Graeme McRae · April 30, 2013 at 10:25 am

Now, let’s see a similar 3-dimensional proof that 1/8 + 3/16 + 6/32 + 10/64 + 15/128 + … = 1

    MrHonner · April 30, 2013 at 11:24 am

    I will leave that as an exercise for the reader.

    Mike Lawler · May 2, 2013 at 6:42 pm

    Here’s two attempts at the 3d visual proof that 1/8 + 3/16 + 6/32 + 10/64 + . . . = 1 using Lego Digital Design. It was neat to see the cube coming together while building this. The first video is the first three terms, and the 2nd is the first 5.

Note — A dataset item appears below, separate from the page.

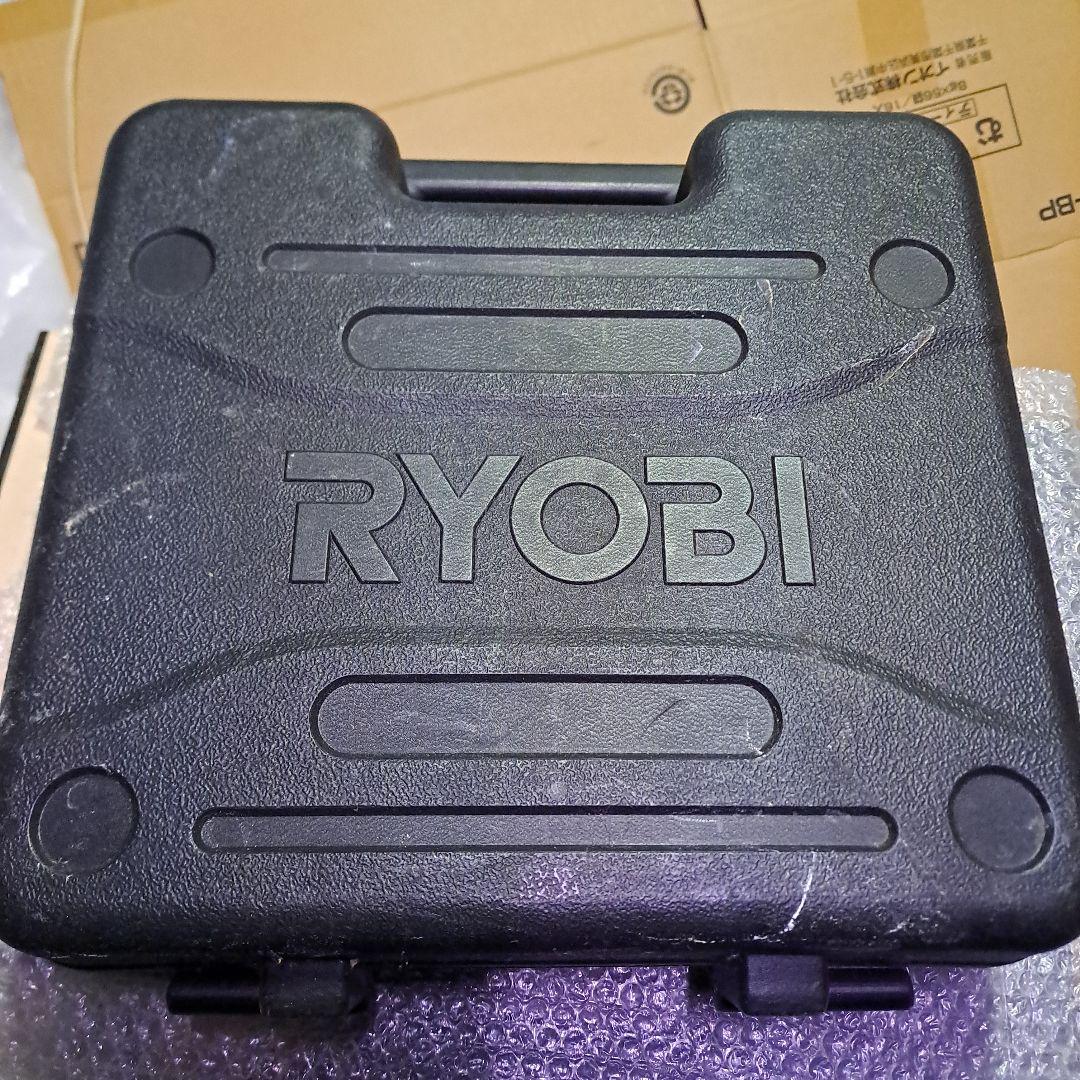 RYOBI コードレスインパクトドライバー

    https://www.youtube.com/watch?v=F0nvNtuKQBA

Graeme McRae · May 2, 2013 at 7:04 pm

I love it!

Nat Silver · May 10, 2013 at 8:30 pm

JIm Loy sums the series on his website, using partitions:
http://www.jimloy.com/algebra/aseries.htm A standard approach would be
S = (1/4)(1+2x+3x^2+4x^3+…) where x = 1/2.
S = (1/4)(d/dx(x+x^2+x^3+…))
= (1/4)(d/dx(x/(1-x)))
= (1/4)(1/(1-x)^2) where x = 1/2,
as I’m sure you are aware.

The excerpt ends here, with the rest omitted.